▸ Assignment:
In the listing below, find the line holding "Bags X82V327 Chocolate" and the line holding "2023 Timpte 18'". Write out those two lines and all lines between, exactly, and nothing more.

▸ Material to process:
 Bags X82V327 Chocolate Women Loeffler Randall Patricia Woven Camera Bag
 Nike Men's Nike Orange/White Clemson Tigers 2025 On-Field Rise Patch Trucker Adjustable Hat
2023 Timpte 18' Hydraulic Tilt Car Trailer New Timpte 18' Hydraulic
--
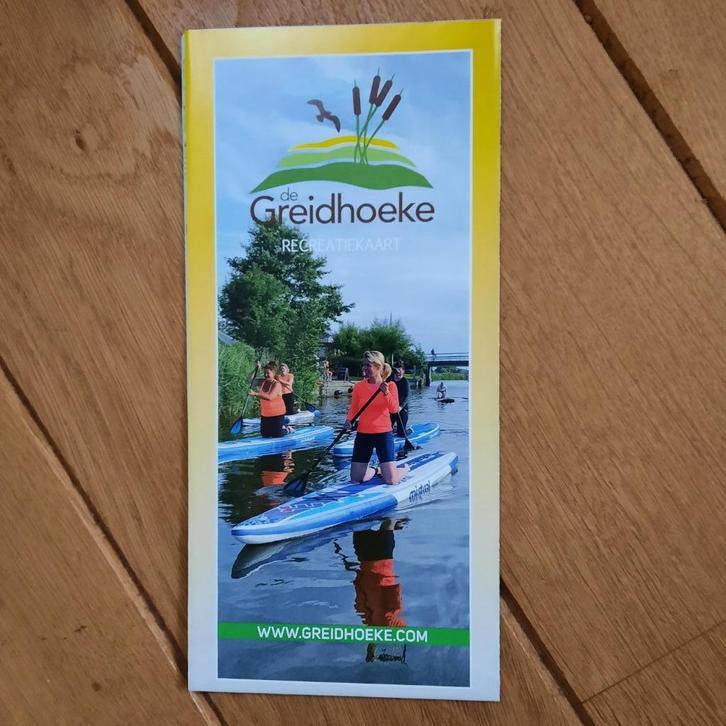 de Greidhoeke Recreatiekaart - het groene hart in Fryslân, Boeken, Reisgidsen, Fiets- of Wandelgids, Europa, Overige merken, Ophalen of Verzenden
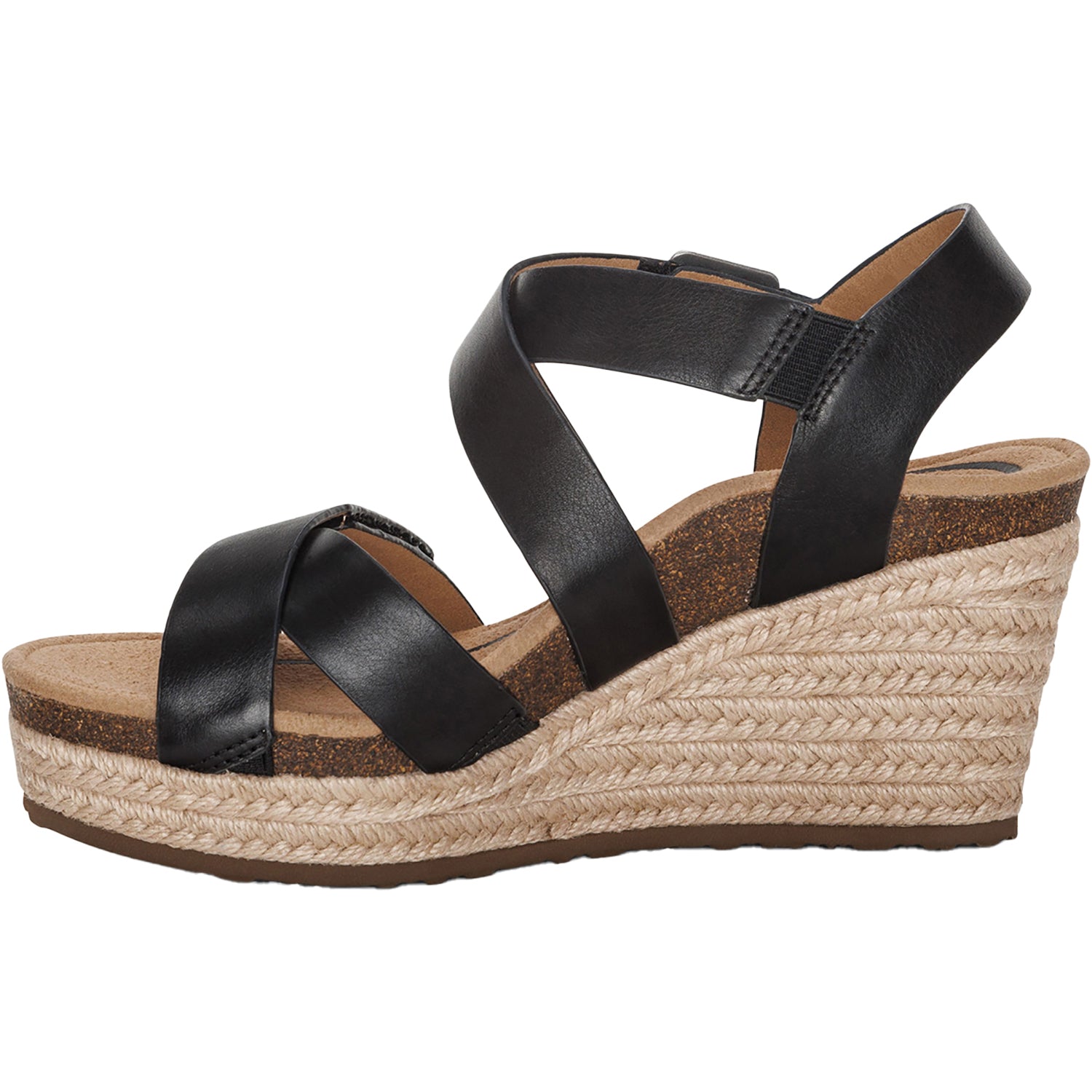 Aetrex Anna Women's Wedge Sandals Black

▸ Exercise answer:
 Bags X82V327 Chocolate Women Loeffler Randall Patricia Woven Camera Bag
 Nike Men's Nike Orange/White Clemson Tigers 2025 On-Field Rise Patch Trucker Adjustable Hat
2023 Timpte 18' Hydraulic Tilt Car Trailer New Timpte 18' Hydraulic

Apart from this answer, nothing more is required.